| name | frontend-design |
| description | Create distinctive, production-grade frontend interfaces. Invoke when: - Building web components, pages, or applications - Designing UI that needs to stand out (not generic) - Implementing visual polish and micro-interactions - Choosing typography, color palettes, or spatial layouts CRITICAL: Avoid "AI slop" aesthetics. Make creative, unexpected choices. MANDATORY: Consult Gemini before any frontend work. |
Frontend Design
Phase 0: Gemini Research (MANDATORY)
Before ANY frontend work, get design direction from Gemini:
gemini -p "I'm building [describe component/page]. Research:
1. Distinctive design approaches (avoid AI-slop aesthetics)
2. Real-world examples of excellent [component type]
3. Current typography/color/layout trends for this context
4. Unexpected alternatives to obvious solutions"
Why mandatory: Web grounding surfaces current trends, prevents convergence.
Design Thinking
Before coding, commit to a BOLD aesthetic direction:
- Purpose: What problem? Who uses it?
- Tone: Pick extreme (brutalist, luxury, playful, editorial, organic...)

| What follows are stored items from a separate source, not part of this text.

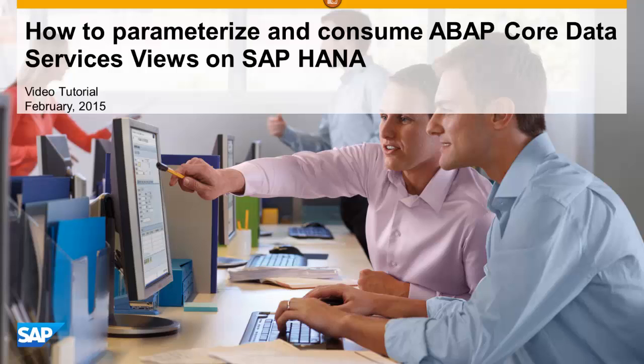Welcome to this video tutorial which demonstrates how to parameterize ABAP Core Data Services views and consume them on SAP HANA.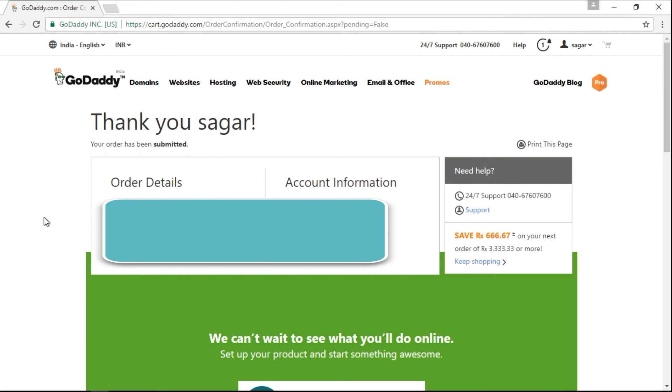Once you are done with the payment, you will be able to see this thank you page. I feel this is an easy procedure.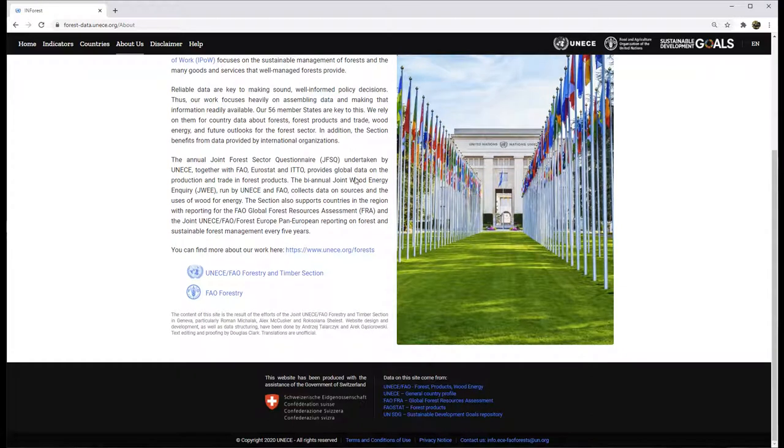All figures on the website and much more data can be found at the links showing the sources here in the footer.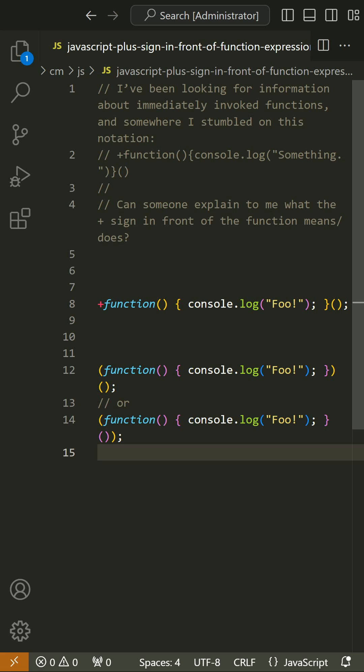In that example, with the plus, it makes it a function expression, which means the name is optional and which results in a reference to the function which can be invoked, so the parentheses are valid.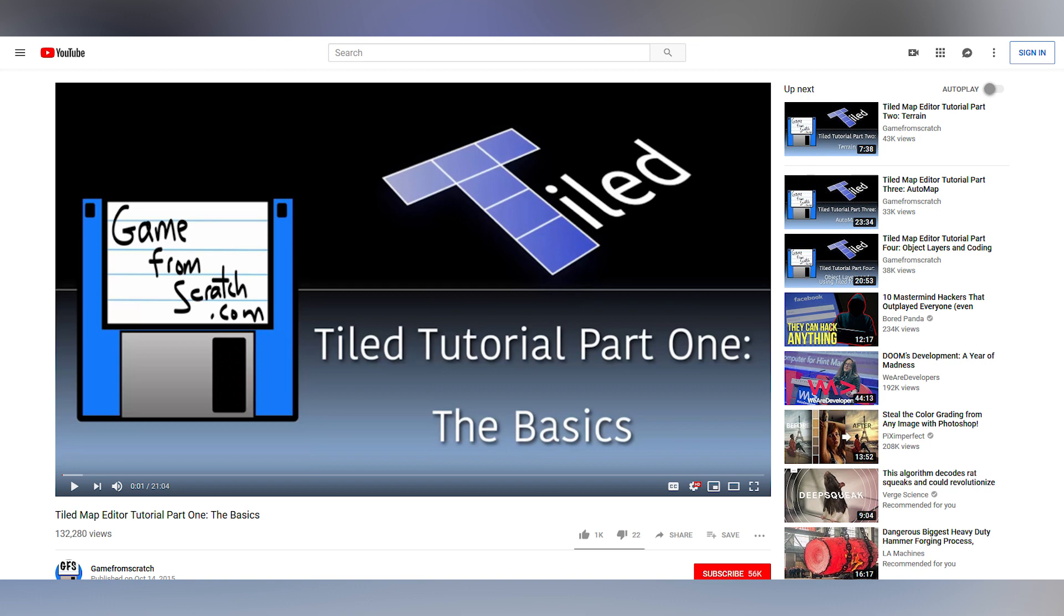Hello. So this isn't going to be a comprehensive tutorial about Tiled. We're going to go pretty fast and I might skim over a lot of things. If you're confused or want to learn more about Tiled, the channel Game From Scratch has a good Tiled tutorial series which I will link in the description.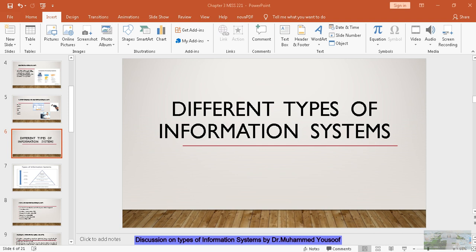There are mainly five components in the information system which we have already seen: people, hardware, software, process, and data. Now these are a review of the previous things that you know about the information system.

- Differentiation: What's the ONE thing someone will remember?
CRITICAL: Bold maximalism and refined minimalism both work—the key is intentionality.
Core Principles
- Typography: Distinctive fonts, not Inter/Roboto/Space Grotesk
- Color: Dominant + accent, brand-tinted neutrals, no pure grays
- Motion: One orchestrated moment > scattered micro-interactions
- Layout: Asymmetry, overlap, diagonal flow, grid-breaking
- Backgrounds: Gradients, noise, patterns—not solid colors
See: references/aesthetics-guidelines.md
Quality Bar: Stripe-Level Excellence
Reference these as quality exemplars:
- Stripe: Obsessive typography, micro-interactions, developer delight
- Linear: Keyboard-first, performance as design, smooth motion
- Vercel: Minimalist clarity, dramatic contrast, confident hierarchy
The Gasp Test: Would users gasp at how stunning this is? If no, keep iterating.
Quality Checkpoints:
- Typography that makes people stop and notice
- Layout that surprises with intentionality
- Motion that feels physically satisfying
- Details that show obsessive care
- Mobile experience that doesn't "suck"
Mobile Excellence (Separate Optimization)
Mobile is NOT just responsive—it requires separate design thinking.
Touch Libraries to Consider
- @use-gesture/react: Touch, mouse, drag, pinch gestures unified
- react-spring: Gesture-aware animations with physical springs
- swiper: Touch slider with native feel
- framer-motion: Gesture recognition + animation
- @capacitor/haptics: Haptics for Capacitor/mobile apps
Mobile-Specific Quality Checks
- Touch targets: 44x44px minimum (Apple HIG)
- Swipe gestures: Natural, discoverable, satisfying
- Haptic feedback: Confirm actions with tactile response
- Pull-to-refresh: Physical bounce, not instant
- Bottom navigation: Thumb-reachable actions
- Momentum scrolling: Physics-based scroll
See: references/mobile-excellence.md
Anti-Convergence
YOU TEND TOWARD GENERIC OUTPUTS. Before implementing, ask:
- "Have I used this font/color/layout recently?"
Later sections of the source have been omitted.